Ceux-là qui veulent lutter réellement doivent confondre leurs actions aux profondes aspirations de notre peuple. L’unité de la Gauche, c’est d’abord la disponibilité des forces, des consciences qui choisissent les masses profondes et d’engager le combat. Ce sont ces forces qui vont asseoir un socle unitaire. Il y a des élites qui ont intérêt à ne pas voir se réaliser l’unité de la Gauche.
Pourquoi ?
Parce que leur intérêt est de servir le pouvoir. On a connu le pouvoir de Senghor, de Diouf, de Wade. Aujourd’hui, c’est le pouvoir de Macky, c’est sûr qu’il y aura des moutons de Panurge. La Gauche doit asseoir une autonomie populaire et engager le combat.

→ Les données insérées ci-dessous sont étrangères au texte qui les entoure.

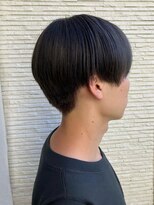 アンジュール グランデ(UNJOUR GRANDE) ダブルカラー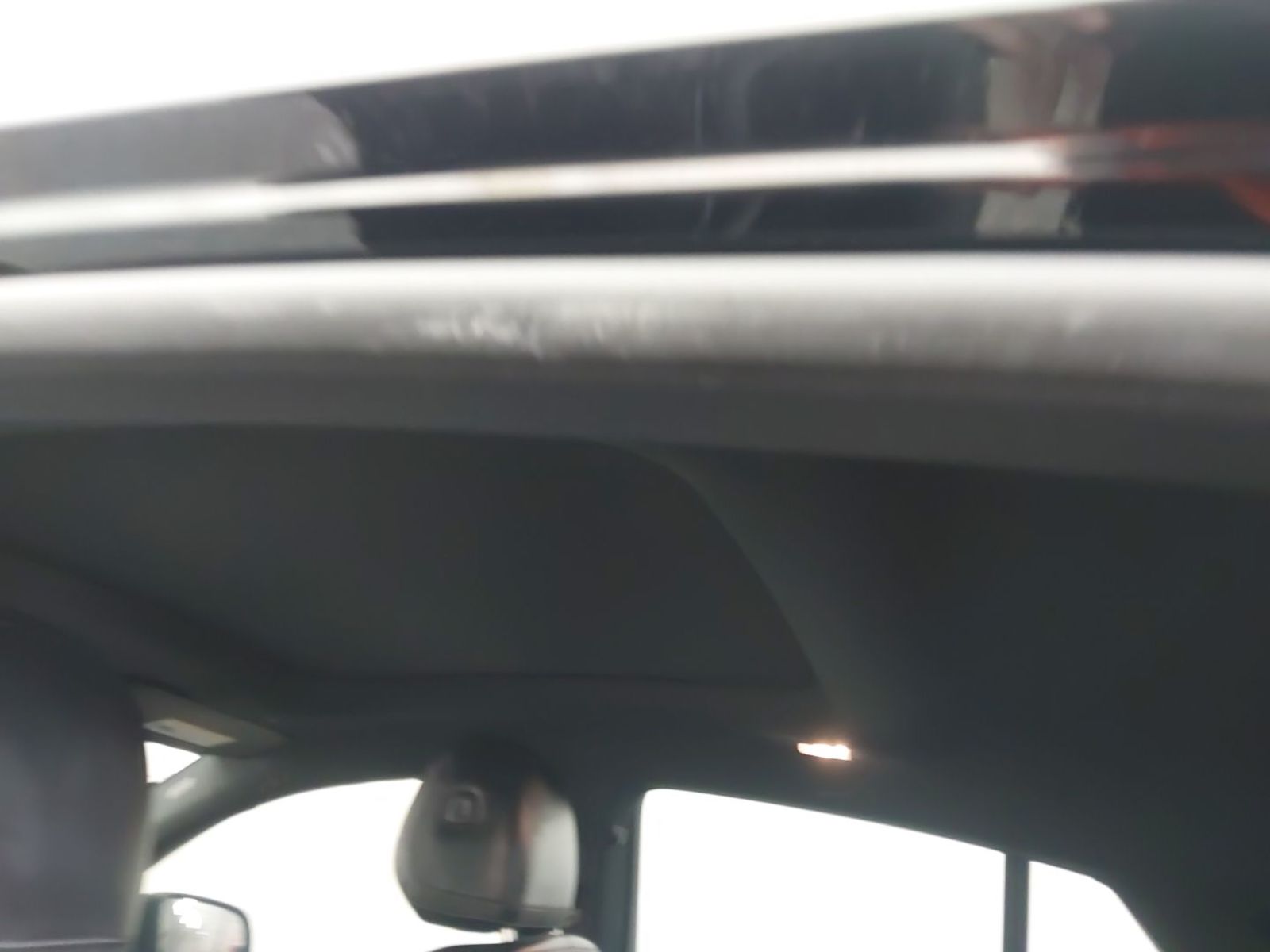 2021 Mercedes-Benz GLE   AWD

Comment appréciez-vous le régime de Macky Sall ? Est-ce que la rupture proclamée est amorcée ?
Quelle rupture ? Il n’y a pas de rupture. C’est la continuation de l’ancien régime.
Pourtant, votre Yoonu Askan Wi l’a porté au pouvoir
Comment les choses se sont passées ? D’abord, il fallait satisfaire le slogan : ‘’Wade dégage’’. Wade est parti, Macky a été élu. Mais rien n’a été réglé par rapport aux Assises nationales pour lesquelles nous nous sommes investis. Je ne l’ai pas personnellement porté au pouvoir. Je ne me retrouve pas dans Benno Bokk Yaakaar. Je m’identifie à travers les profondes aspirations du peuple.
Est-ce que vous n’êtes pas frustré par le fait que vous n’avez pas été servi ?
(Il s’énerve). Je n suis pas à la recherche de quoi que ce soit. Je n’attends rien d’aucun régime. Je ne suis pas un mouton de Panurge ; je ne suis pas un mendiant. Je n’ai jamais tendu la main de ma vie. J’ai une identité qui se confond à la lutte du peuple pour son émancipation.
Qu’est-ce que vous reprochez concrètement à Macky Sall ?
Je ne parle pas d’individualité. Nous vivons un contexte dominé par l’impérialisme. Nous subissons la convoitise de l’Occident, nous sommes pillés pas l’Occident. Il y a ses représentants dans le pays.
Par exemple
Tous les régimes qui se sont succédé n’ont jamais servi le Sénégal et son peuple.
Vous pensez qu’on n’est pas réellement indépendant ?
Non, la problématique de souveraineté se pose. La question foncière est là. Les terres de Mbane sont bradées à des étrangers. Le problème de la souveraineté, c'est l’existence d’un régime authentiquement populaire.